Task description: For the listing below, the answer is an exact retyping of the lines from the one with "Rabbits can not" through the one with "Mirafra erythroptera", both included, without pictures.
*** Begin section ***
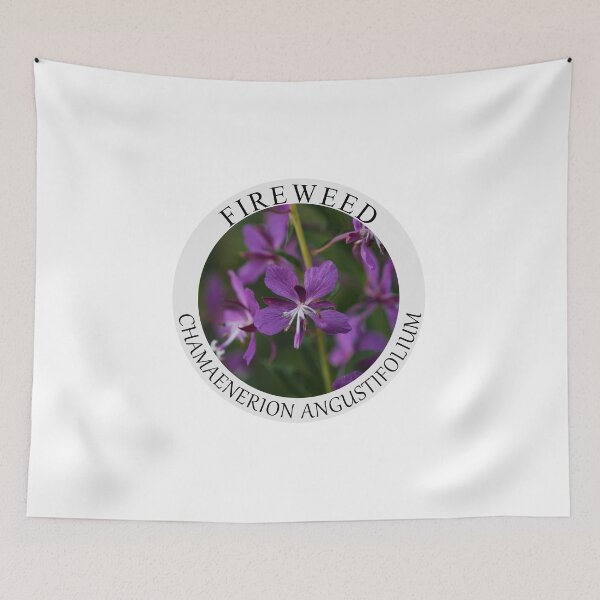 Item preview, Fireweed / Chamaenerion angustifolium designed and sold by Audun Dammen.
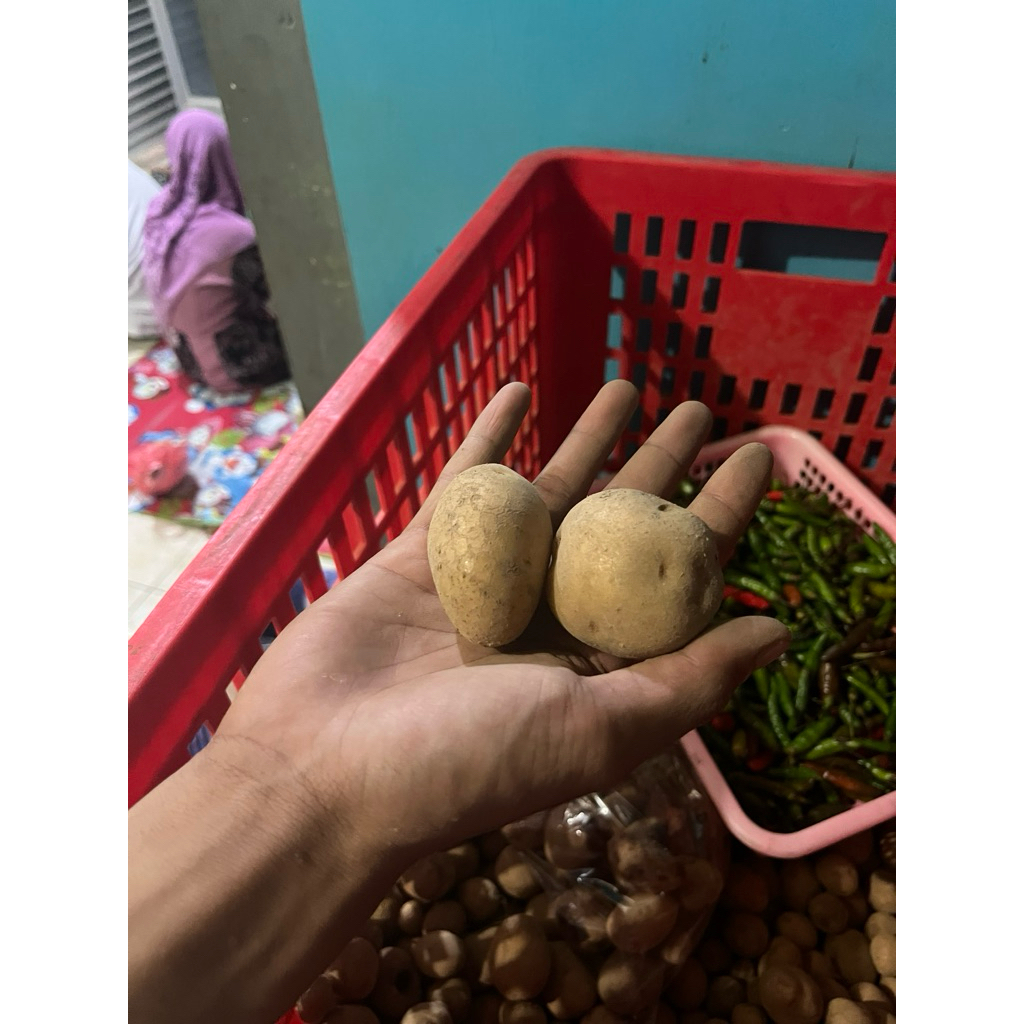 

kentang ukuran sedang kecil 1 kg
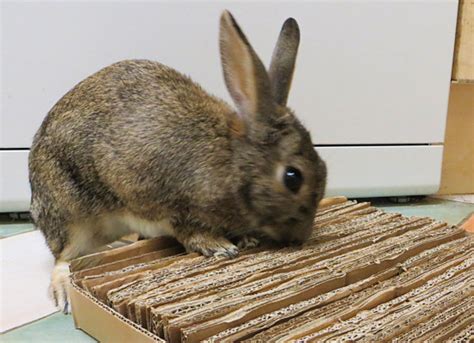 Rabbits can not eat glue or hot sticky tape, hence why i … DIY Cardboard Shreddable Mat for Rabbits - The Rabbit House
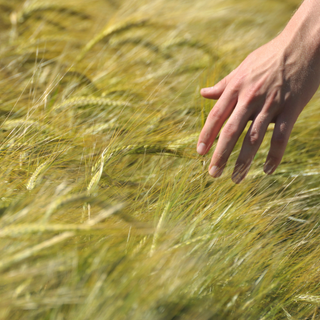 Grano, cresciute le importazioni del 28%: dati allarmanti per l'agricoltura piemontese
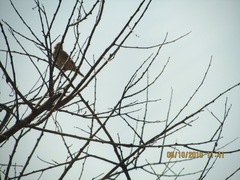 Mirafra erythroptera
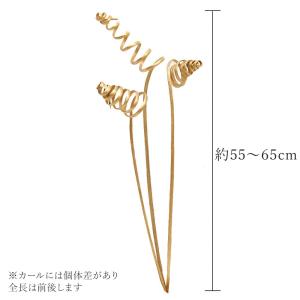 ドライフラワー 花材 即日出荷 カーリーケーン...の詳細画像2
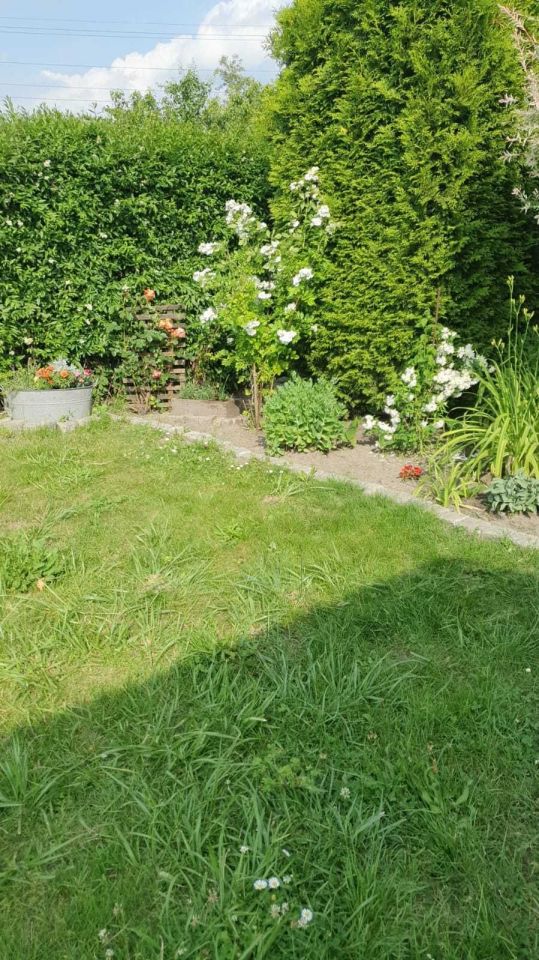 Działka rod Bytom. Zdjęcie 3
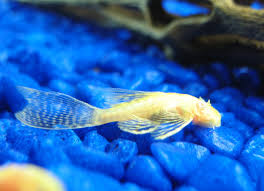 Bristle Nose - Longfin - Albino (Local) M-4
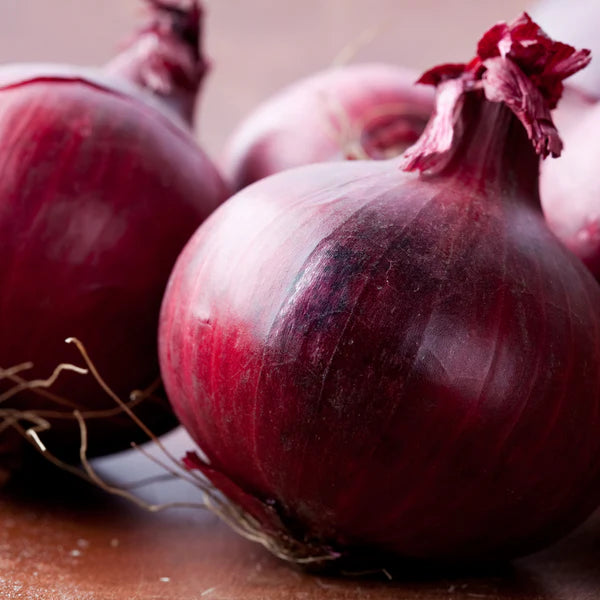Red Onions Jumbo Premium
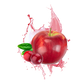 Splash Image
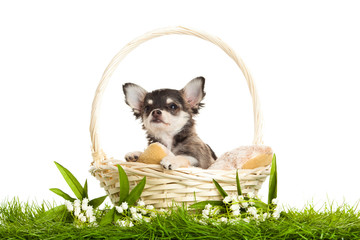 Fototapeta premium chihuahua isolated on white background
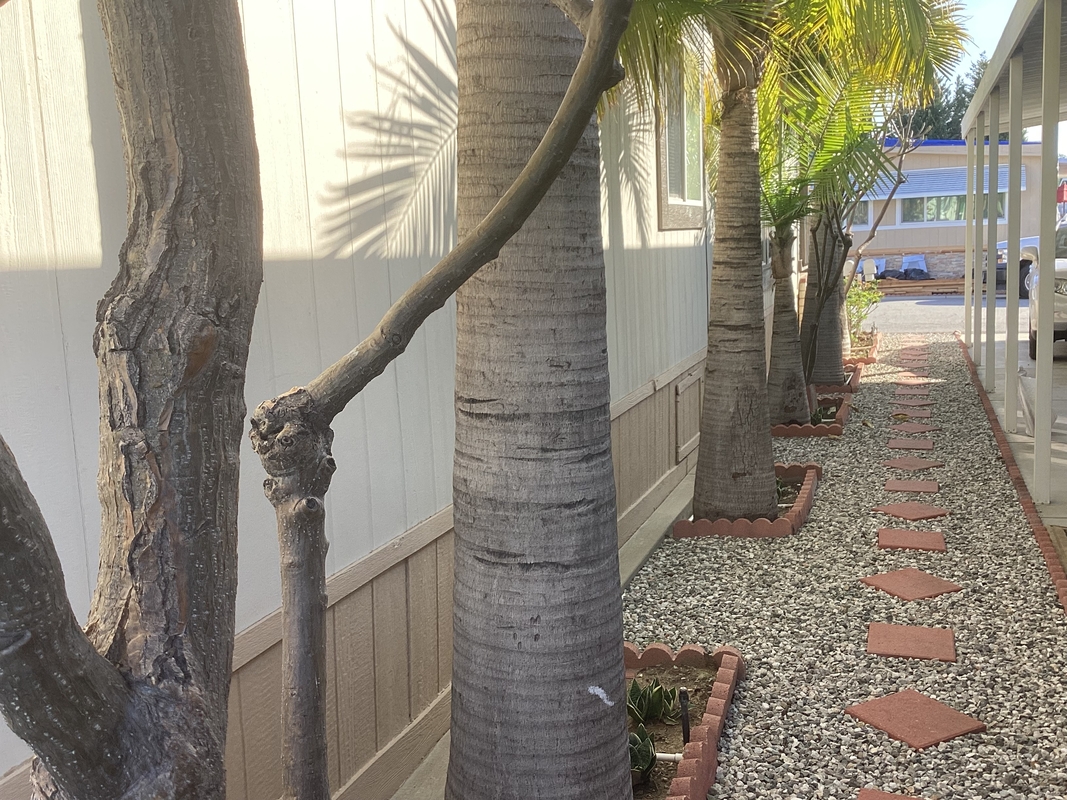 FVL Friendly Village of La Habra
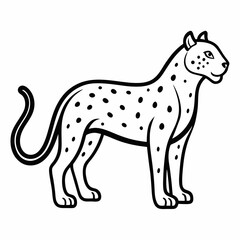 Jaguar on white background 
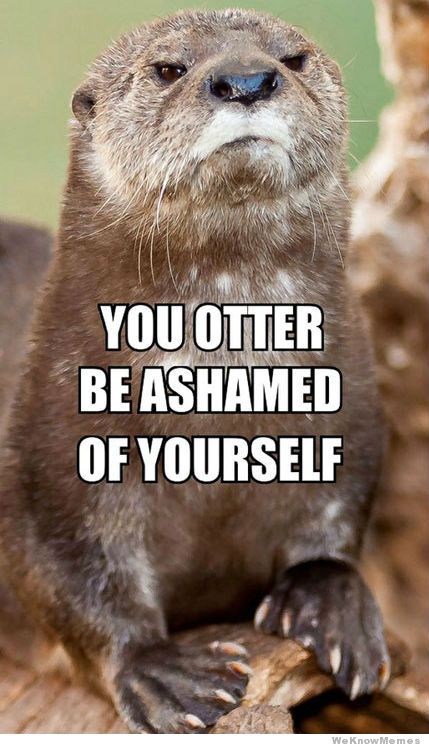 you-otter-be-ashamed-of-yourself.jpg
*** End section ***
Response to the task:
 Rabbits can not eat glue or hot sticky tape, hence why i … DIY Cardboard Shreddable Mat for Rabbits - The Rabbit House
 Grano, cresciute le importazioni del 28%: dati allarmanti per l'agricoltura piemontese
 Mirafra erythroptera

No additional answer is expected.